“Intuition Pandering” (or “The Soft Underbelly”)
Alternate Subtitle: “I Don’t Know What It Is, But I’ll Know It When I See It.”
Intuitive truth, that is. For the last few years in these essays I’ve nibbled around the edges of what it means to read the tarot cards “intuitively,” but only in the last few days has my grasp of the underlying assumptions crystallized. As applied to divination, it’s a wildly popular, semi-mystical concept that almost everyone loves to tout but that no-one seems too keen on defining precisely, as if by doing so we will strip it of its magic. I’ve begun asking myself (and anyone else who will pause to think about it), “What does it mean, really?” As a rational person with strong spiritual leanings, I’m constantly trying to reconcile the two without taking on a load of dogma (which is a private battle that is “neither-here-nor-there” for my purpose in this discussion), so these deliberations come naturally.

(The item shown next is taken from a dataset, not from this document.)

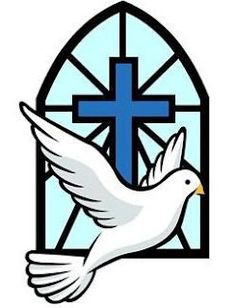 a white dove flying in front of a stained glass window with a cross on it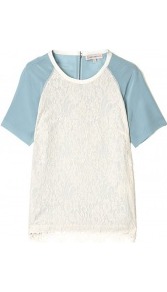 Arsenic Silk And Lace Top - neckline: round neck; sleeve style: raglan; style: t-shirt; predominant colour: ivory; secondary colour: pale blue; occasions: casual, evening, work, occasion; length: standard; fibres: silk - 100%; fit: body skimming; back detail: embellishment at back; sleeve length: short sleeve; texture group: silky - light; pattern type: fabric; pattern size: standard; pattern: colourblock; embellishment: lace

“Just trust your intuition” is the rallying cry of those who don’t want to ponder the “inner workings” of tarot too deeply, as if by ignoring them the inconvenient questions will go away and leave them to their own visionary devices. But it brings up a host of interesting theories. Is intuition as used with the cards an outgrowth of :
a) the power of suggestion based on visual free-association from the images?
b) psychic intimations?
c) a “hotline to the Divine?”
d) subjective reflection based on personal experience?
e) instinctive cognition and pattern-recognition?
f) a numinous form of “spirit vision?”
g) otherwise “inspired” universal wisdom of unproven origin (Collective Unconscious, Astral Plane, Akashic Record, anthropomorphic “Spirit Guides,” Plato’s “Soul of the World”, etc.)?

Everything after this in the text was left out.